- TASK DIRECTIONS:
Exclude every picture. Output verbatim the lines from the one containing "What to Cook" to the end of the data.

════════

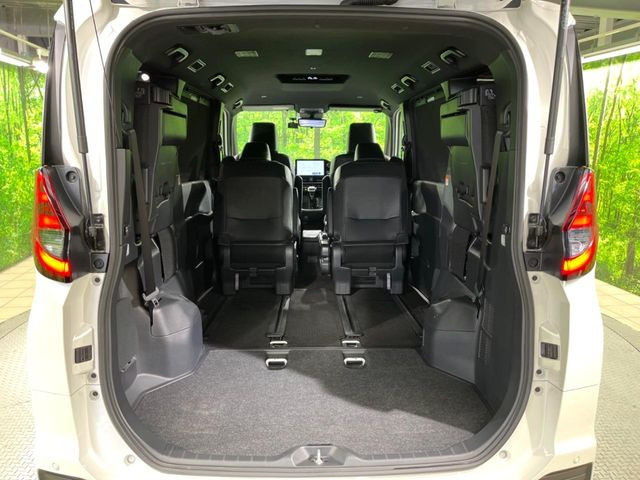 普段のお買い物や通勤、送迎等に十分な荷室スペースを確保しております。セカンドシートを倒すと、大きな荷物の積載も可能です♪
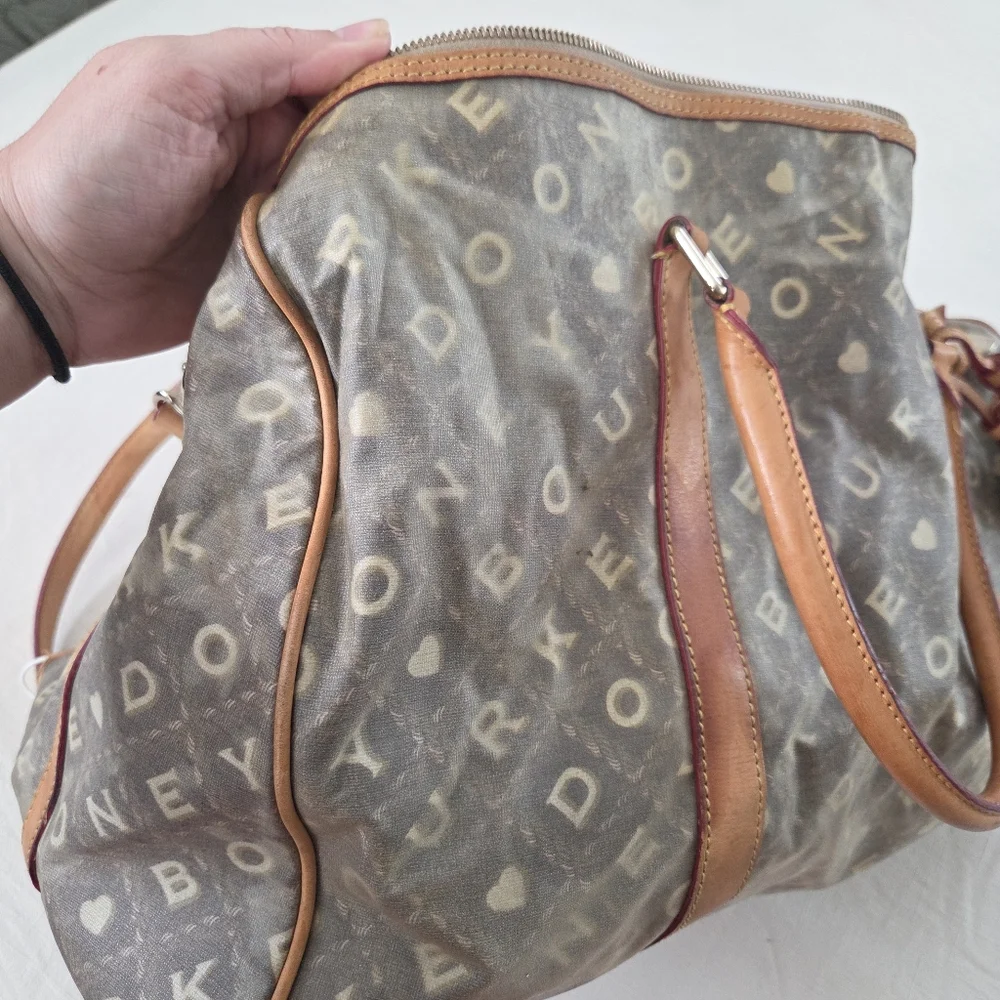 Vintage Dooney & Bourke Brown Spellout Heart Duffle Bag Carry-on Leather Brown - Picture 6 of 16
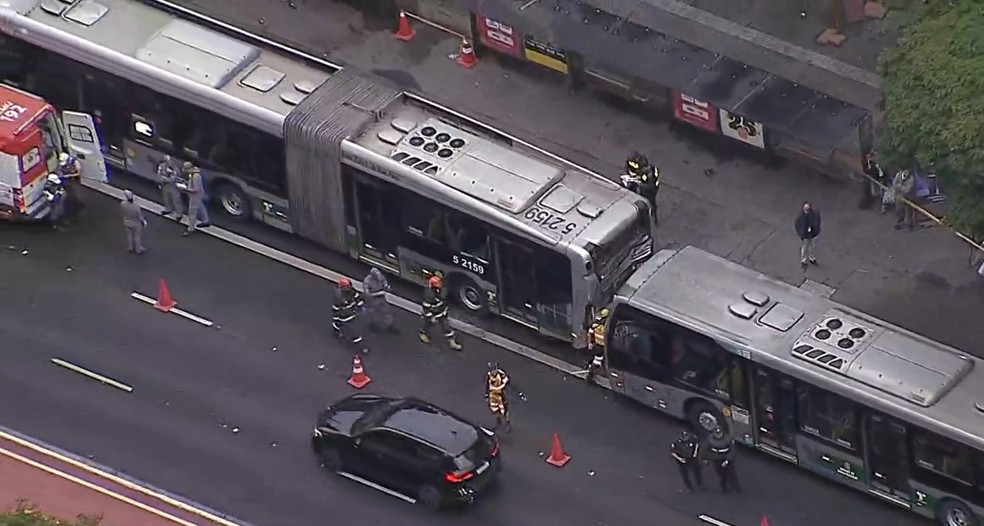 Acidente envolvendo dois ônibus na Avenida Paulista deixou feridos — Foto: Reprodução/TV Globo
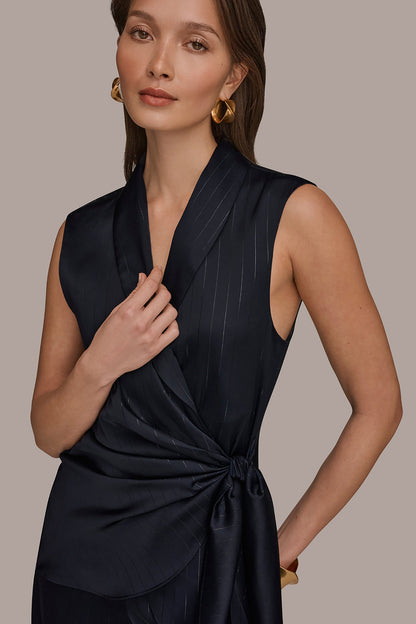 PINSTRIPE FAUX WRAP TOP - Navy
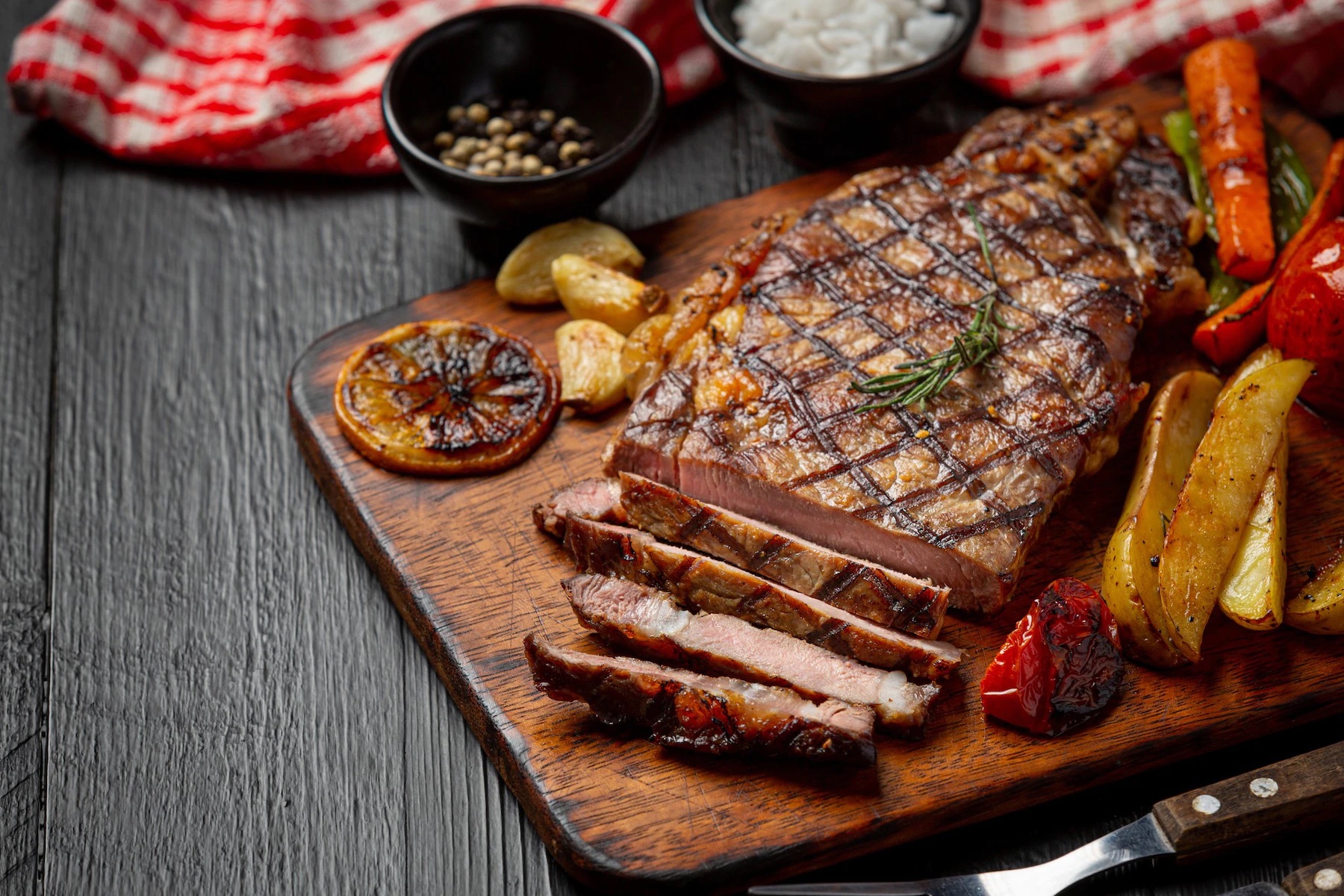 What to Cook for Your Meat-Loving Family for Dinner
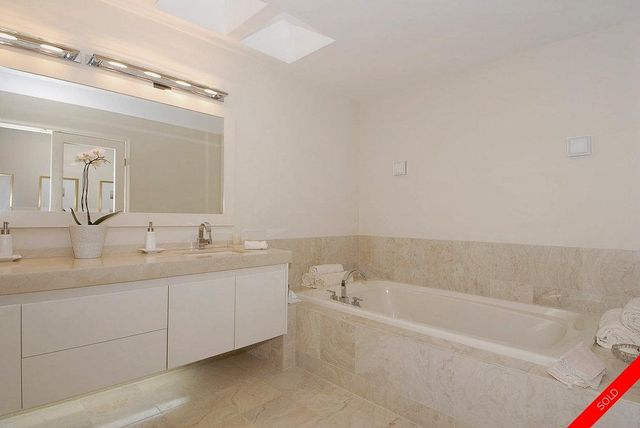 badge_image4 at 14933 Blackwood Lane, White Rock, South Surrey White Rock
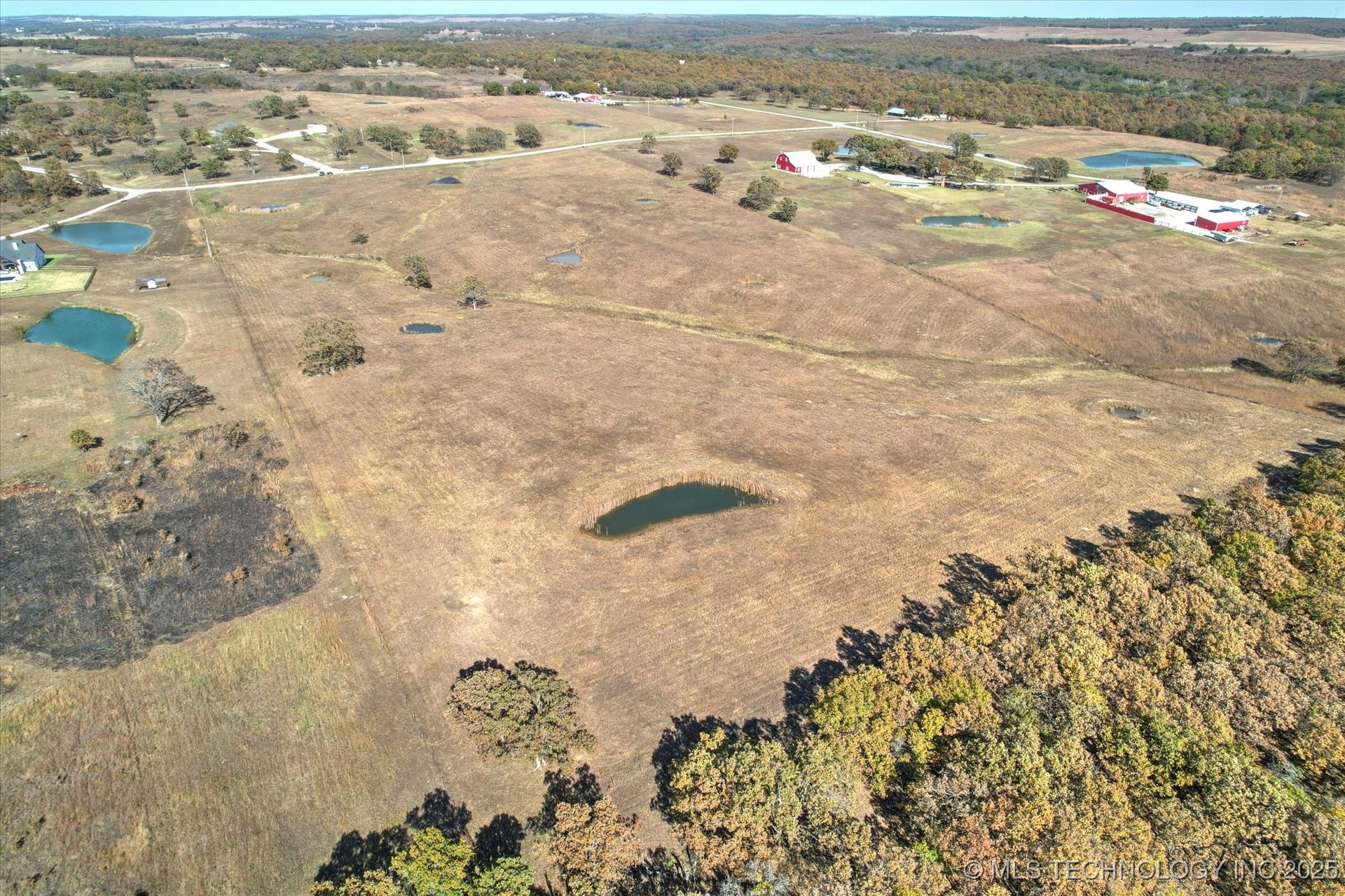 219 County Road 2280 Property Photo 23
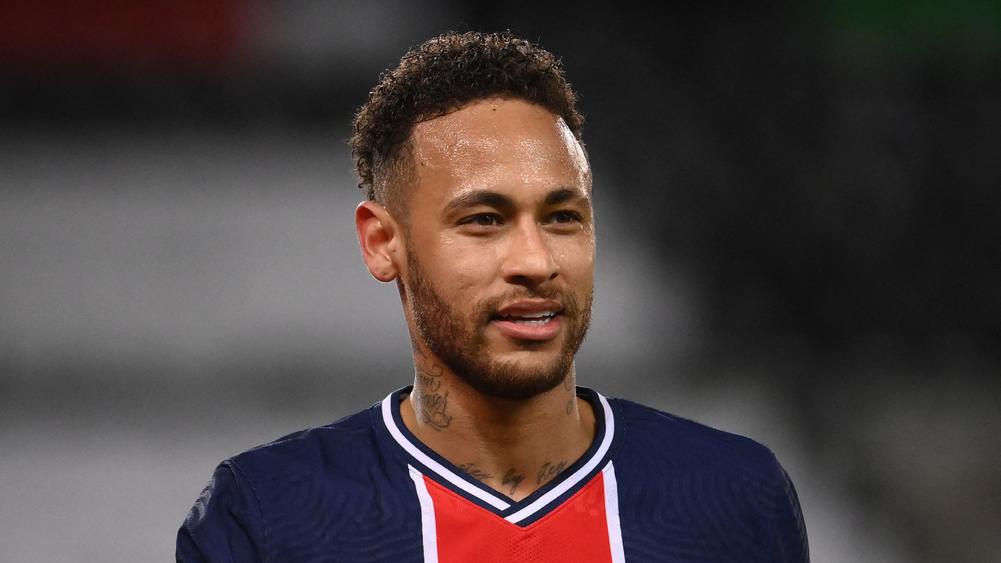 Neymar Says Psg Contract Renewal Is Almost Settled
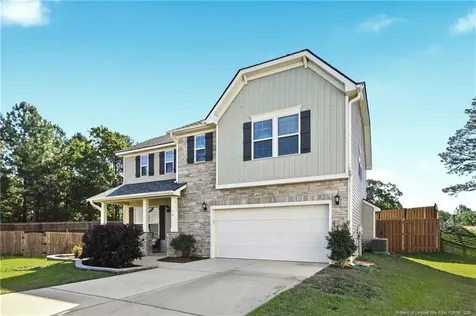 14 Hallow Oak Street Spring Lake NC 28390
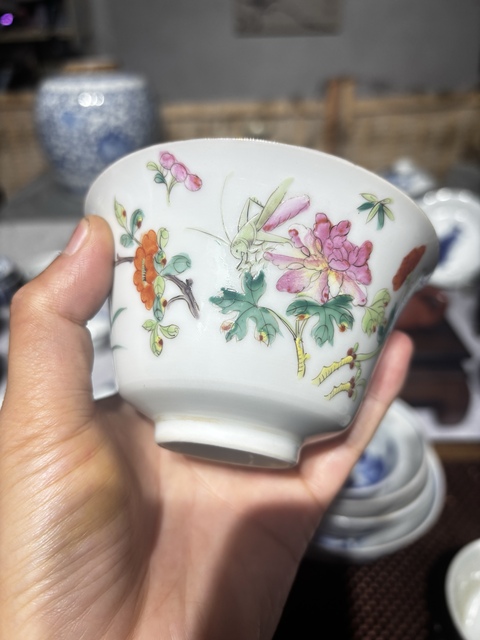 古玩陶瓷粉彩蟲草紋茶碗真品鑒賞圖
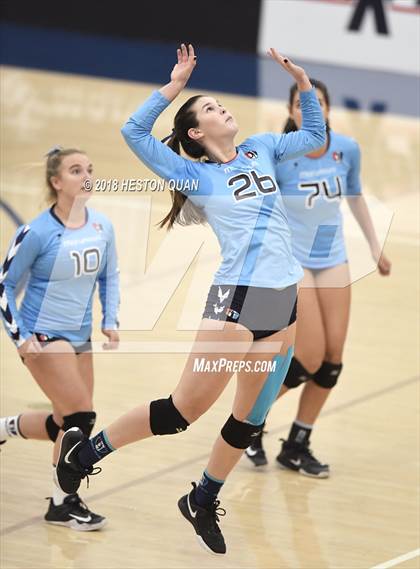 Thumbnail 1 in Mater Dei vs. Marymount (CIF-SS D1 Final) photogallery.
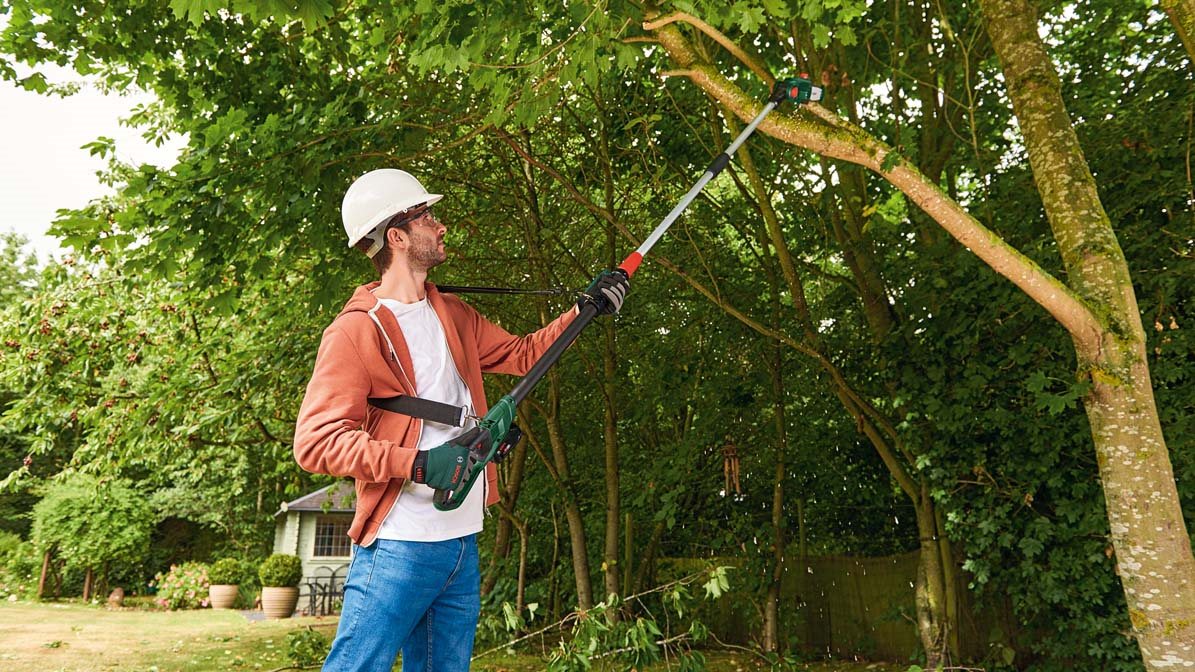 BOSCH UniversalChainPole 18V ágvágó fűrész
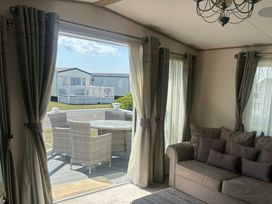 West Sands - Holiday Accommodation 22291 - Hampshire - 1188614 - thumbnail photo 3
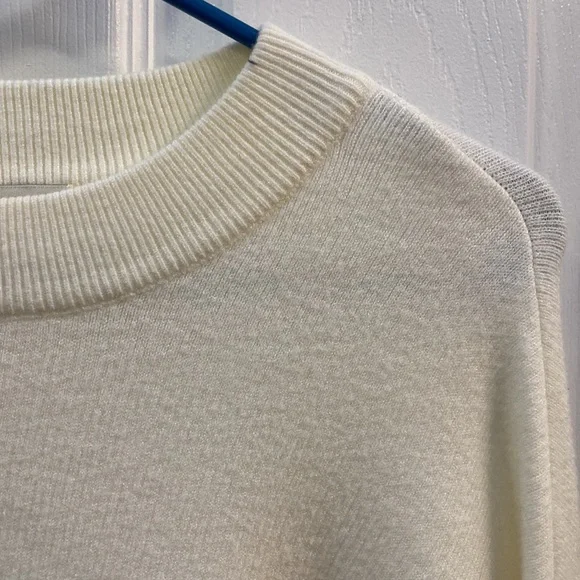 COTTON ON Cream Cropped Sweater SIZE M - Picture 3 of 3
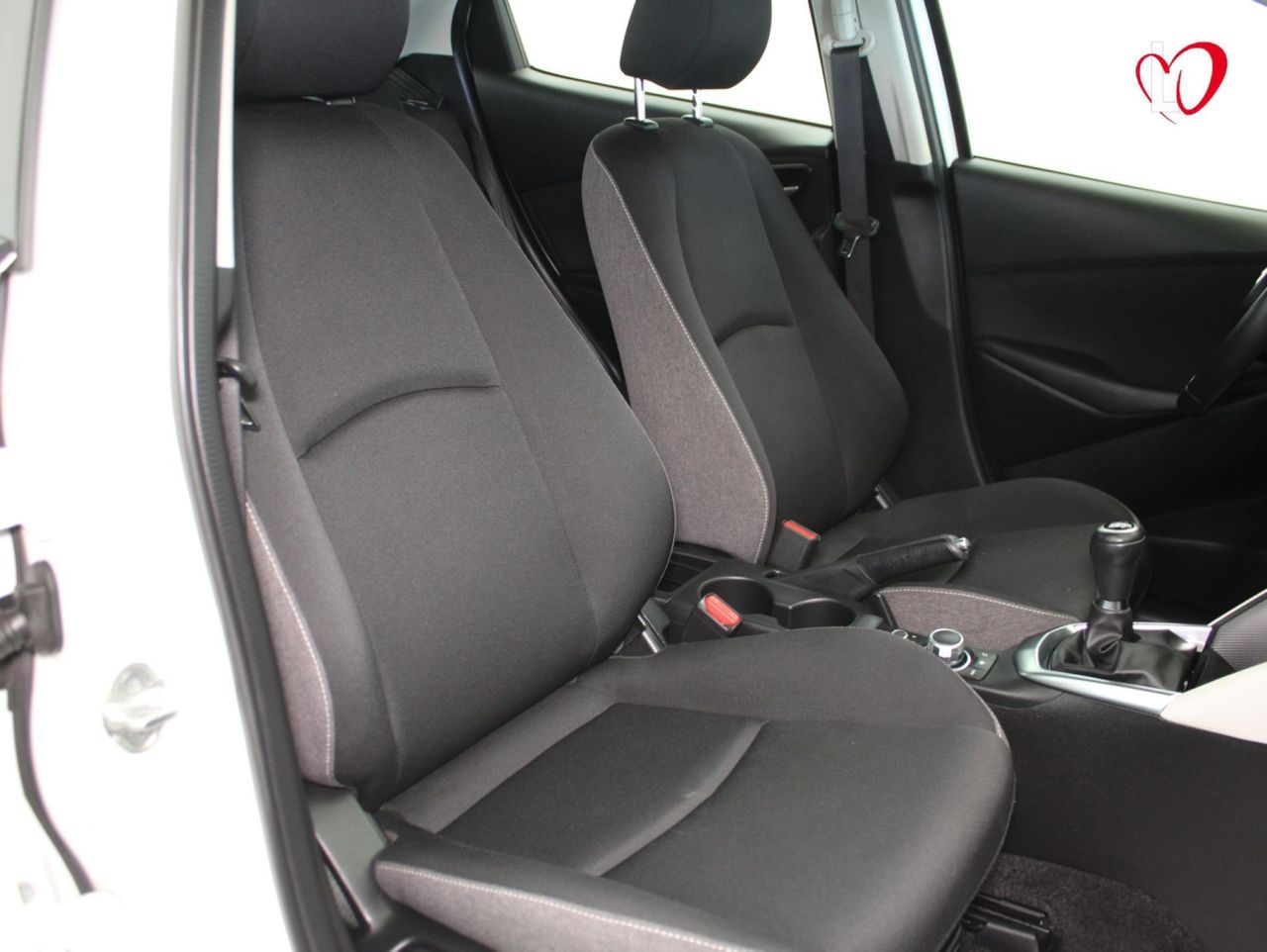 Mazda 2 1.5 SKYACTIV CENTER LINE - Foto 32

════════

- OUTPUT OF THE TASK:
 What to Cook for Your Meat-Loving Family for Dinner
 badge_image4 at 14933 Blackwood Lane, White Rock, South Surrey White Rock
 219 County Road 2280 Property Photo 23
 Neymar Says Psg Contract Renewal Is Almost Settled
 14 Hallow Oak Street Spring Lake NC 28390
 古玩陶瓷粉彩蟲草紋茶碗真品鑒賞圖
 Thumbnail 1 in Mater Dei vs. Marymount (CIF-SS D1 Final) photogallery.
 BOSCH UniversalChainPole 18V ágvágó fűrész
 West Sands - Holiday Accommodation 22291 - Hampshire - 1188614 - thumbnail photo 3
 COTTON ON Cream Cropped Sweater SIZE M - Picture 3 of 3
 Mazda 2 1.5 SKYACTIV CENTER LINE - Foto 32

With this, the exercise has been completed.